It’s standard third-person action adventure fanfare, and with Jen and Scree exploring four very different realms for answers, the Nexus acting as a hub for story beats between all the happenings. In all my years of starting Primal over and over, I only ever saw the opening snowy realm of Solum. Truthfully, I kind of assumed this is where the entire game took place and was bummed to not see that be the case, because Solum has personality, much more than any other realm, though Aetha comes close. You can control both Jen and Scree, switching between them freely with the push of a button–take that, Grand Theft Auto V–and you’ll explore rooms, find locked doors and ways around them, fight off enemies, collect items, and meet a bunch of colorful characters, like Arella, who is championing for Jen to win.

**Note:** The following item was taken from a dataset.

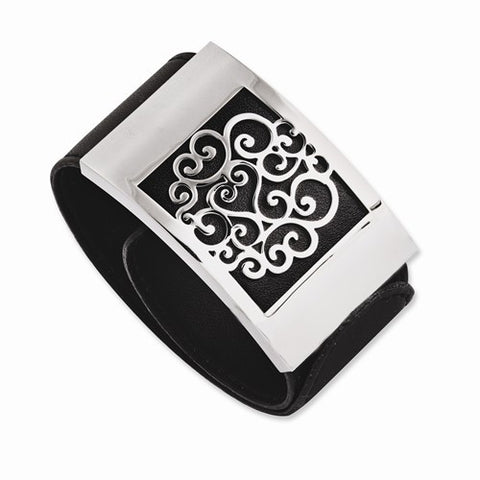 Stainless Steel Black Leatherette with Polished Scroll Wrap Bracelet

And that’s Primal‘s best part–the story. The people you meet, the ones that support your cause, the ones that hinder it. You really do feel like you’re playing an active role in some special episode of Buffy the Vampire Slayer or Veronica Mars. Jen is spunky and compassionate yet always ready to crack a joke, and Scree refuses to let up his seriousness; together, the two make quite a pair. By the end of the game, their relationship has grown beyond just helping each other out. From a glance, a lot of the world-building could seem superfluous, but I think enough is said to make all the realms come across as real places, even if they are mostly devoid of life and signs of life, save for Solum, which I mention again as I think its frigid landscape littered with stone buildings and campfires came off quite well. The story told there of a fallen prince in a society where the king, at the height of his power, sacrifices himself worked better than some later plots, which were uninspired.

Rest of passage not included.